When I use the function getenv()
from the Standard C Library, my program inherit the environment variables from its parent.
Example:
$ export FOO=42
$ <<< 'int main() {printf("%s\n", getenv("FOO"));}' gcc -w -xc - && ./a.exe
42
In libc, the environ
variable is declared into environ.c
. I am expecting it to be empty at the execution, but I get 42
.
Going a bit further getenv
can be simplified as follow:
char * getenv (const char *name)
{
size_t len = strlen (name);
char **ep;
uint16_t name_start;
name_start = *(const uint16_t *) name;
len -= 2;
name += 2;
for (ep = __environ; *ep != NULL; ++ep)
{
uint16_t ep_start = *(uint16_t *) *ep;
if (name_start == ep_start && !strncmp (*ep + 2, name, len)
&& (*ep)[len + 2] == '=')
return &(*ep)[len + 3];
}
return NULL;
}
libc_hidden_def (getenv)
Here I will just get the content of the __environ
variable. However I never initialized it.
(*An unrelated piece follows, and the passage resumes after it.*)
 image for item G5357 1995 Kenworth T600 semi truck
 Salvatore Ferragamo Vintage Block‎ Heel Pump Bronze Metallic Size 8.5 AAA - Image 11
So I get confused because environ
is supposed to be NULL
unless my main function is not the real entry point of my program. Perhaps gcc
is ticking me by adding an _init
function that is part of the standard C library.
Where is environ
initialized?
There is no mystery here.
First, the shell forks. Forked process obviously has the same environment. Then a new program is executed in the child. The syscall in question is
execve
, which amongst other things accepts a pointer to an environment.So there, what environment is set after execing a binary depends entirely on the code which was doing the exec.
All this is can be easily seen by running strace.
EDIT: since the question was edited to ask about
environ
:When you execute a dynamically linked binary, the very first userspace code doing anything comes from the loader. The loader amongst other things sets up variables like
argc
,argv
orenviron
and only then callsmain()
from the binary.Once more, sources for all this are freely available. While glibc's sources are rather hard to read due to atrocious formatting, BSD ones are easy and conceptually equivalent enough.